London, U.K. — (METERING.COM) — April 3, 2007 – UK gas and electricity consumer watchdog energywatch has issued a call to government for mandatory social electricity tariffs for vulnerable consumers.
In a statement released last week the body said that new government legislation requiring energy companies to provide affordable energy through discounted ‘social’ tariffs should form part of the upcoming Energy White Paper.
More than 3 million households in the UK are believed to be in fuel poverty, up by more than one million since 2003 following sharp increases in energy prices, which have increased consumer bills by 94% for gas and 60% for electricity and seen the average annual energy bill exceeding £1,000 (almost US$2,000) for the first time.
“Government must take the lead and require fair pricing for the poorest consumers. With no real incentive for companies to act voluntarily and with no blueprint for how social tariffs should work it is imperative that government uses its Energy White Paper to bring affordable energy and clarity for Britain’s most vulnerable households,” said Adam Scorer, energywatch Director of Campaigns.
The call follows a consultation by energywatch on the role that social tariffs can play in helping to eliminate fuel poverty.
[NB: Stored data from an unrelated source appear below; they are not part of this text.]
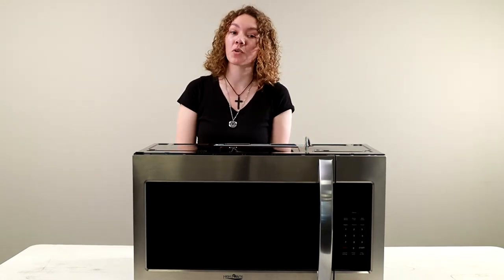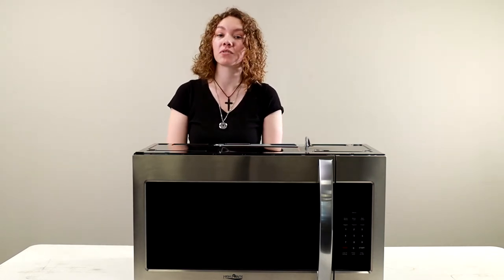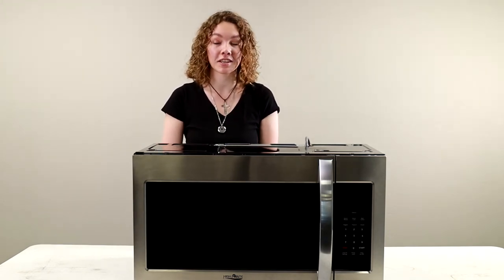It measures 30 inches wide by 15 and 1/4 inches high by 16 and 1/4 inches deep. It runs on 120-volt AC power and 60 hertz. It has an input power of about 1,500 watts and an output power of about 900 watts. It runs on 15 amps and has a 42-liter capacity.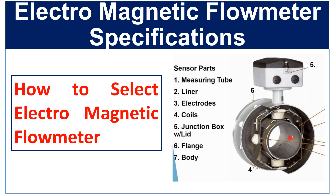Hello friends. Welcome to Tech Learning YouTube channel. In this video, we will discuss about the technical specifications of magnetic flow meter, which you should know before purchase or installation of a magnetic flow meter. So, let's get started.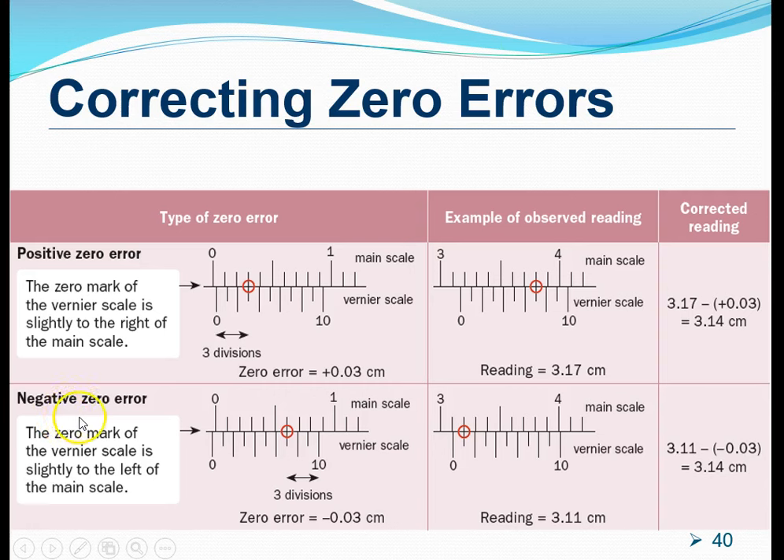The other type is the negative zero error. This happens when the zero marking on the vernier scale is to the left-hand side of the zero marking on the main scale. This suggests that even before any measurements are made, there is some length missing. To read the zero error in this case, instead of reading from the left, we read from the right-hand side of the vernier scale. Looking for the mark that lines up beautifully, we count from the right: first, second, third — so this is a zero error of negative 0.03 centimeters.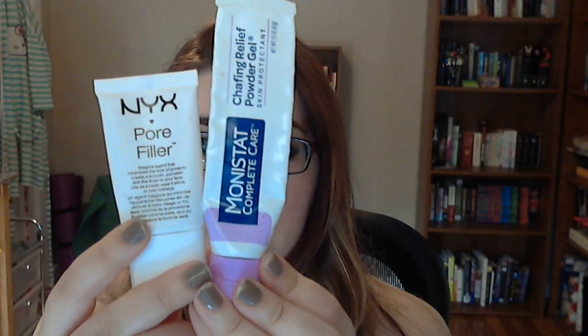So then I had the brilliant idea to make the perfect dupe for Benefit Porefessional: I combine these two products and it gives me the perfect Benefit Porefessional dupe. I get the consistency, I get the oil coverage, I get the pore refining. And what's really funny is I mix this every day on the back of my hand and then I apply it.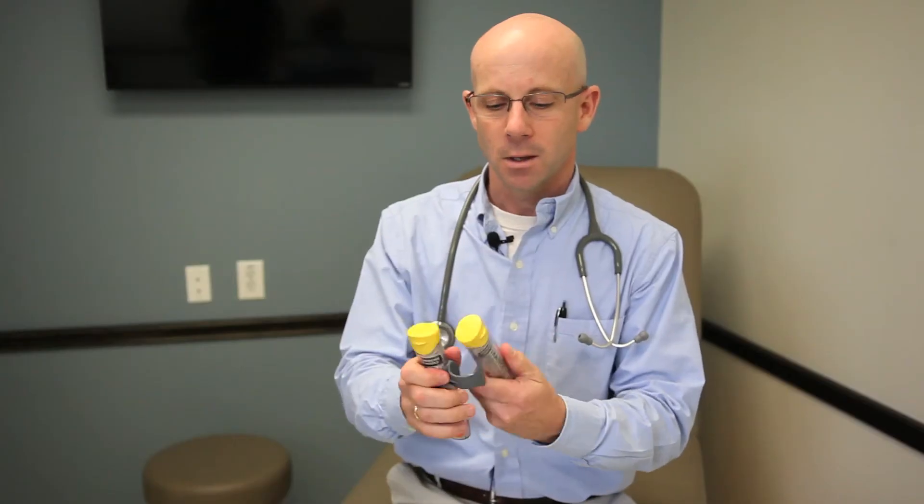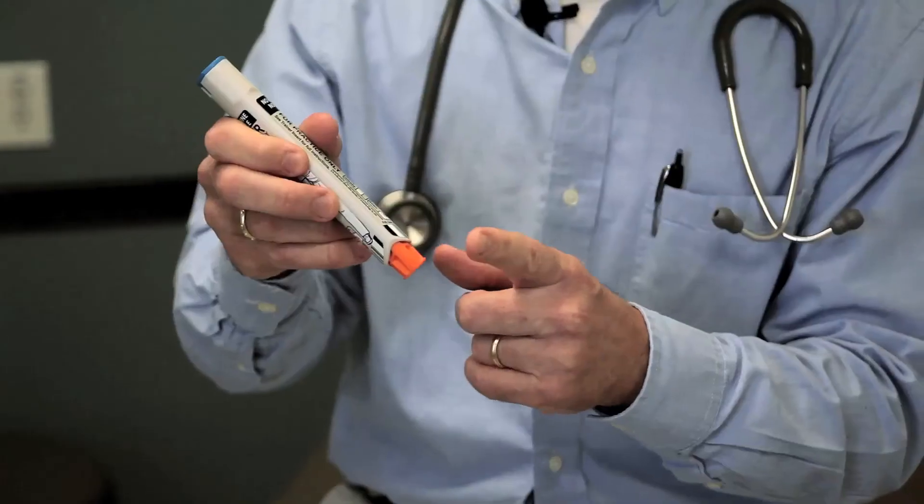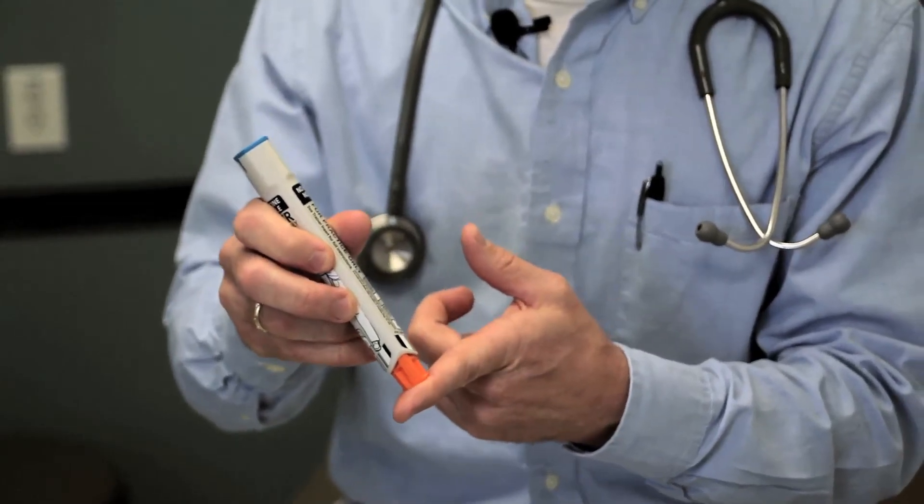The other epinephrine injector is called EpiPen. This one is in a hard case and they're going to come in pairs like this. You pop it out — it's still in its case, still safe, it's not going to do anything to you. It's got a safety at one end — the blue end — and this is going to be the business end, as I would call it.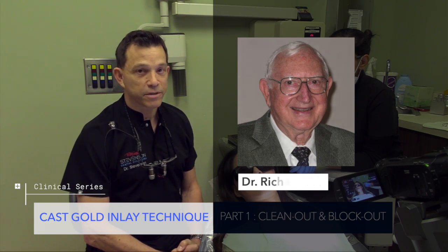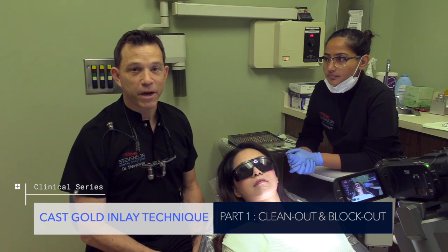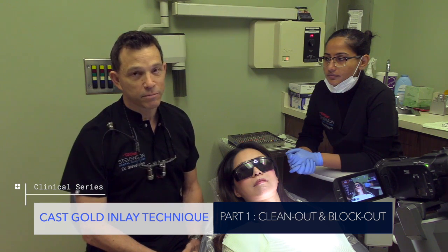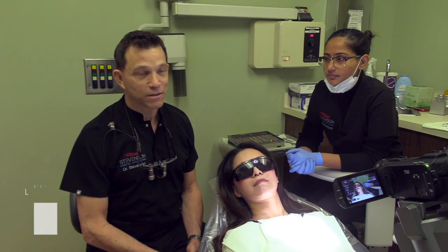a gentleman that I learned so much from almost 25 years ago, and I'm going to show you this technique from start to finish. We're going to clean it out, prepare it, take the impression, make our provisional, and ultimately we're going to cement the restoration in our next video. Thanks for staying tuned, and let's get started.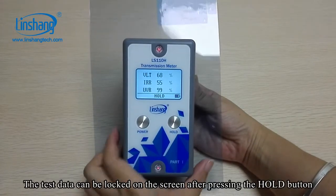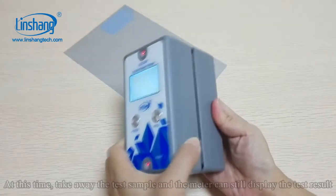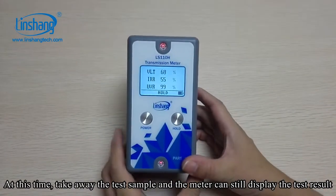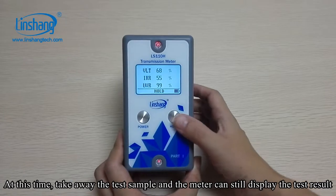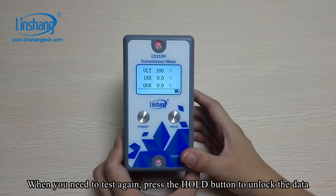The test data can be locked on the screen by pressing the hold button. At this time, take away the test sample and the meter will continue to display the test results. When you need to test again, press the hold button to unlock the data.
While the full report has yet to be released, the body says that one of the key recommendations is that an energy assistance package should be available, which addresses all three fuel poverty drivers, i.e. price, income and energy efficiency.
Besides making it mandatory for all energy suppliers to offer their cheapest tariffs to vulnerable groups, it is recommended that government should determine eligibility for the energy assistance package, based on a detailed evaluation to identify those groups of consumers most susceptible to fuel poverty is recommended.
It is also recommended that in order to access discounted social tariffs, eligible consumers should accept an independent home energy efficiency audit to ensure that heating and energy efficiency requirements are addressed.
energywatch suggests that the regulator, Ofgem, should be tasked with monitoring progress against targets for social tariffs and should report its findings accordingly.
The full report on social tariffs is expected to be published later this month.